Task to carry out: Using the records below, repeat exactly the lines from the one holding "Image of Turin view" through the one holding "Walking KUSADASI Gastro", both ends included, and no others.

Records supplied:
■ ■ ■ ■

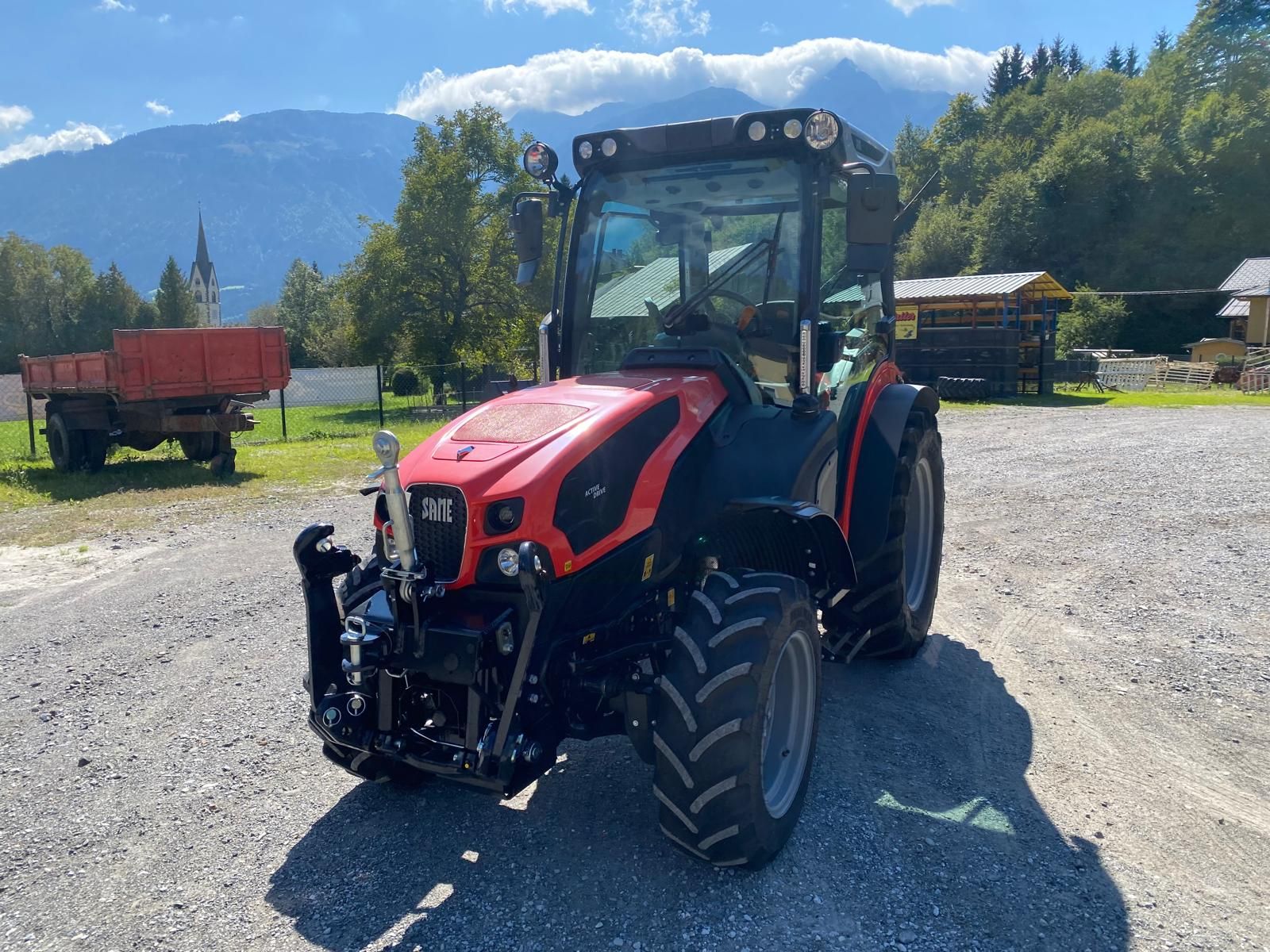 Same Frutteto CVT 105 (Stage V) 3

■ ■ ■ ■

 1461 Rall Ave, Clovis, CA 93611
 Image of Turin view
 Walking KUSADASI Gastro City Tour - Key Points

■ ■ ■ ■

Task output:
 Image of Turin view
 Walking KUSADASI Gastro City Tour - Key Points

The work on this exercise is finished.